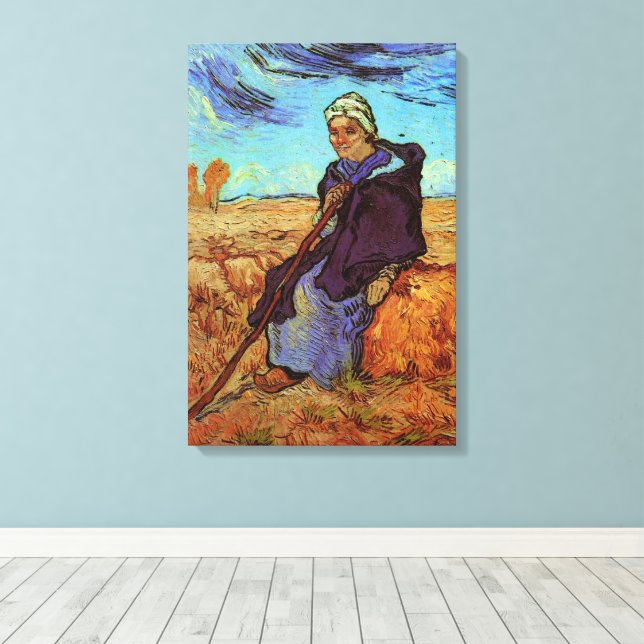 Lienzo La pastora (después de Millet) de Vincent van Gogh (Insitu (piso de madera))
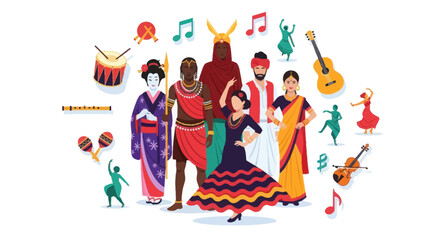 A vibrant illustration of global cultures music and dance with diverse characters in traditional attire.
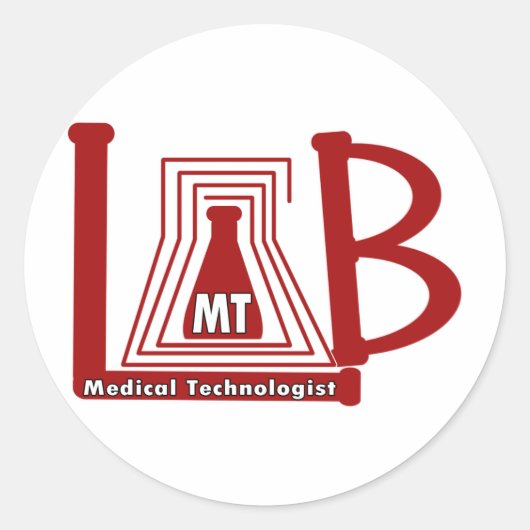 LAB FLASK LOGO MT - MEDISCHE TECHNOLOGISCH RONDE STICKER (Voorkant)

● **What you will do**:
Exact reproduction is required. Output only the lines from the one with "A vibrant illustration" through the end of the listing above, both ends included, and no pictures.

● **Output for this task**:
 A vibrant illustration of global cultures music and dance with diverse characters in traditional attire.
 LAB FLASK LOGO MT - MEDISCHE TECHNOLOGISCH RONDE STICKER (Voorkant)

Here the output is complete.